Where does one even start with Christopher Walken? Probably with more cowbell and less kids if you know what’s good for you. The quirkiest actor of our times began life as Ronnie Walker (after his mother’s favorite actor, Ronald Coleman) but legally changed his name to Christopher in the sixties when cabaret singer Monique van Vooren told him “he didn’t seem like a Ronnie.” The eccentricity streak continued as he took a lion-taming job in a single-ring circus, danced with Judy Garland at Liza Minnelli’s 16th birthday party, put on a cable television cookery show with crockery-smashing artist Julian Schnabel, and confessed a deep passion for collecting Tupperware. After all this, one would think there’s little more to Christopher Walken that could possibly raise a brow.
But to some, the most unexpected thing about him is what he hasn’t done: have kids. Married to the same woman – Georgianne Walken, his on-stage sweetheart in a touring production of West Side Story – for over forty years, the only pitter-patter of little feet are coming from the Abyssinian cats they keep in their Wilton, Connecticut home. Not exactly putting out the fatherly vibe, Walken has largely escaped the media’s “Where’s your celebrity babies?!” spotlight so often aimed at other actors like Jennifer Aniston and George Clooney. Perhaps it’s because the thought of Christopher Walken rarely summons soft, fatherly images (despite his first paying gig being photographed as a naked 14-month old baby with two cats for a popular calendar). This, in combination with his aloof nature and habit of meandering off subject in interviews, has left relatively little information about how he arrived at the Childfree lifestyle. But it’s clear he’s comfortable without kids in his life, after saying in an interview, “’When I’m with them, I think, “Gee, I wish this would end so I could have a conversation or something.”

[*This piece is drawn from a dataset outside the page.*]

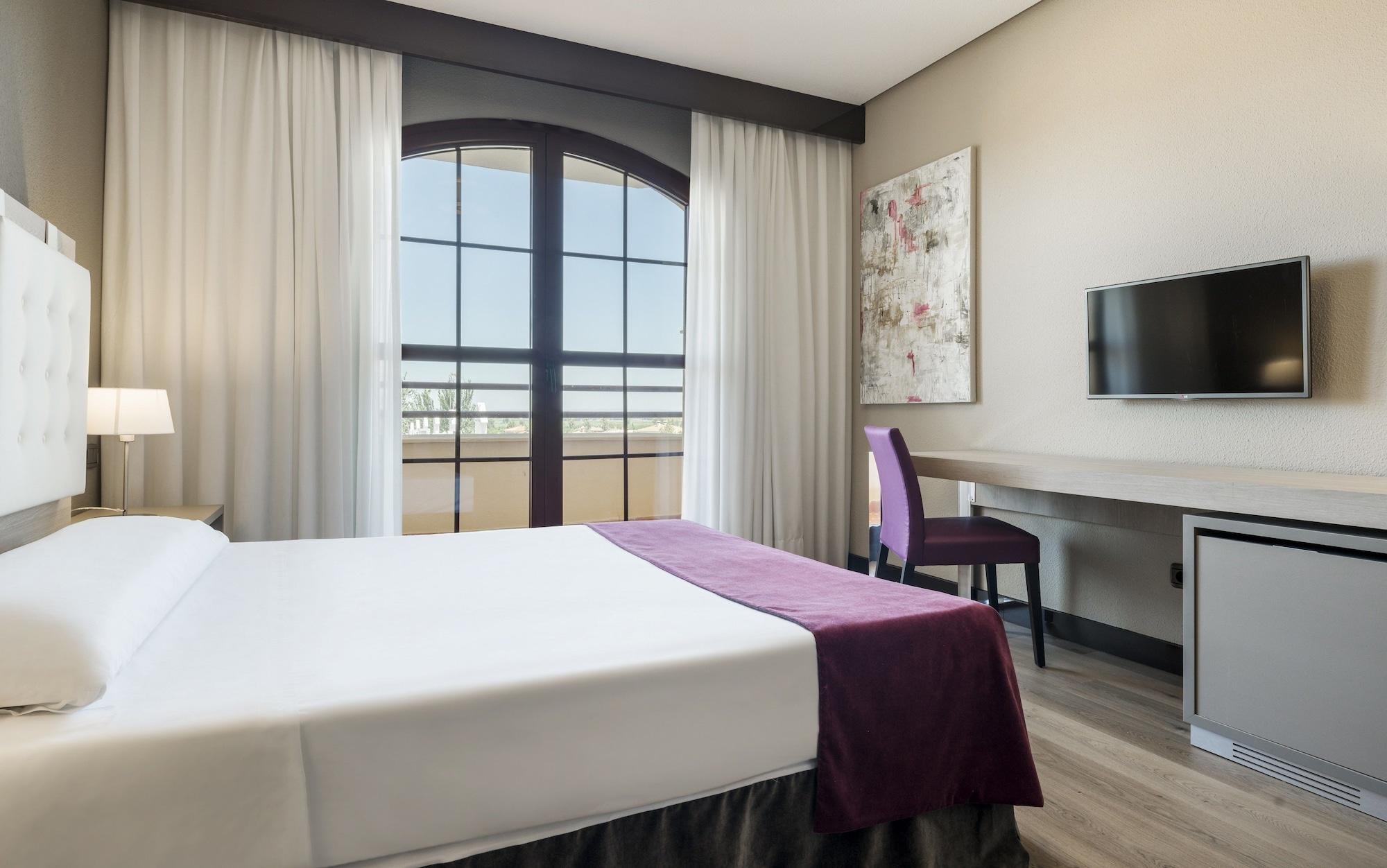 Ilunion Golf Badajoz Hotel Exterior photo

Or in his case, get to work. He cites the absence of children and any desire to travel or pick up a hobby as the reason he takes on so many acting projects. It’s led to an Emmy, a Golden Globe, an Oscar nomination, and an Academy Award after more than 100 movie and television roles. It’s given him the courage to spit in Robert DeNiro’s face in Deer Hunter – unscripted! It’s resulted in an open invitation from Lorne Michaels to host Saturday Night Live whenever he’s available after his legendary “More Cowbell” performance on the Blue Oyster Cult skit. When speaking about his success, he says, “I always felt I would do okay, but I assumed I would be fairly anonymous. The fact that I get some respect in my craft is something I didn’t anticipate. I am financially better off than I ever thought I would be. I’ve already done more than I thought. That amazes me.”
Would he feel the same way if he’d had kids? While they might have been added to his list of accomplishments, would soccer games and kindergarten graduations have taken the place of his amazing dance routine for Fatboy Slim’s Weapon of Choice? Or maybe his breakout performance in Woody Allen’s Annie Hall? If they’d come too early, maybe he would have traded in the precarious actor’s life altogether for the reliability of a 9-to-5 gig to support a family. I’d like to think not, since entertainment seems to be in his blood (as evidenced by his age three start at the Professional Children’s School in Manhattan where he learned to tap dance). But like so many things in life, it might’ve come down to timing.
Walken’s wildly diverse career can also be at least partially attributed by his inability to sit around and wait for something better. He never holds out for the “perfect script” and instead chooses from the best of what’s available to him at the moment so he can keep doing what he loves, all the time. Kind of fits in nicely with the Childfree lifestyle: being totally content with what’s out there right now instead of chasing after a future idea of happiness that may not end up being any better than what he’s got.
Makes sense to me, but I’m sure it leaves some of his fellow actors and fans scratching their heads. But in Walken’s opinion, that’s not such a bad thing. “When they see me in a movie,” he said, “they expect me to be something nasty …. That’s why it’s good to defy expectations sometimes.”
I, for one, am glad that attitude has carried over to his thoughts on having kids. Because let’s be honest: who among us couldn’t use a little more cowbell in our lives?